Second, requiring district courts to stay cases referred to arbitration will shut down the practice of non-movants appealing orders that refer cases to arbitration. If district courts were to dismiss lawsuits after compelling a case to arbitration, that dismissal would constitute a final order subject to immediate appeal. Parties generally do not have the same appellate avenue when a case is stayed. “When a court compels arbitration . . . absent certification of a controlling question of law by the district court under 28 U. S. C. §1292(b), the order compelling arbitration is not immediately appealable.” In such cases, parties must instead wait until the conclusion of arbitration to pursue appellate remedies.  

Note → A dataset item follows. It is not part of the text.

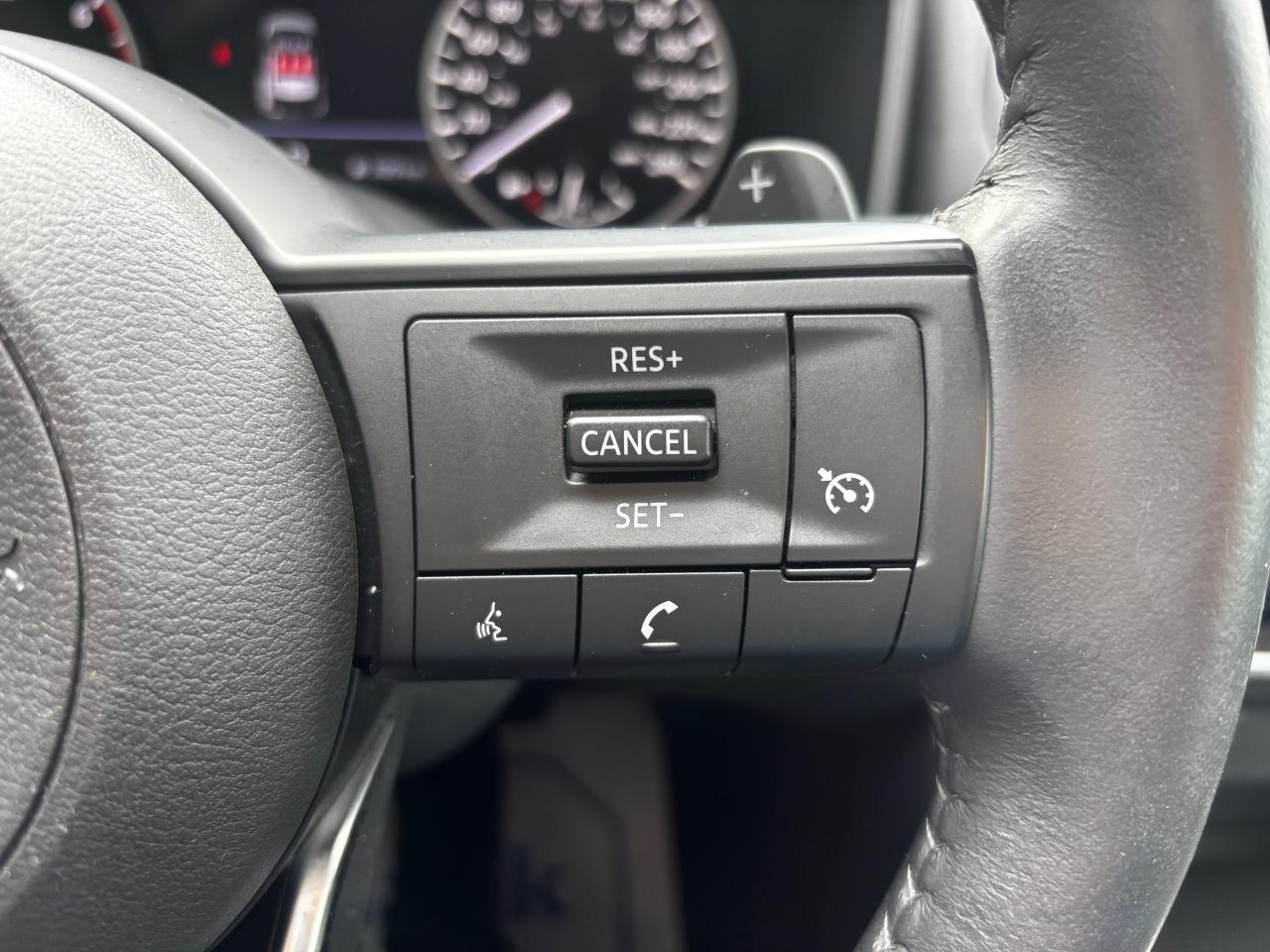 2023 Nissan Rogue S - Photo #13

The decision notably benefits consumer finance companies that regularly include mandatory arbitration clauses in their consumer contracts. Now, when a district court compels those cases to arbitration, the court will be required to stay the case, cutting off grounds for an immediate appeal of the arbitration by the plaintiff. Further, the Supreme Court made clear that its decision would not affect the appealability of orders denying a request for arbitration under Section 16 of the FAA. This will allow companies to maintain an immediate right to appeal when their arbitration rights are disregarded.

[1] The appellate nerds on our team (i.e., Eric Werlinger) find this split interesting. The popular sentiment is that Justices Thomas and Alito are the conservative bookend of the Court and that they frequently vote the same way. To be sure, this appears to be the first time in OT 2023 the two have completely split from each other. All the same, this case is an important reminder that, while some justices are jurisprudentially similar, they are not jurisprudentially the same.

DISCLAIMER: Because of the generality of this update, the information provided herein may not be applicable in all situations and should not be acted upon without specific legal advice based on particular situations.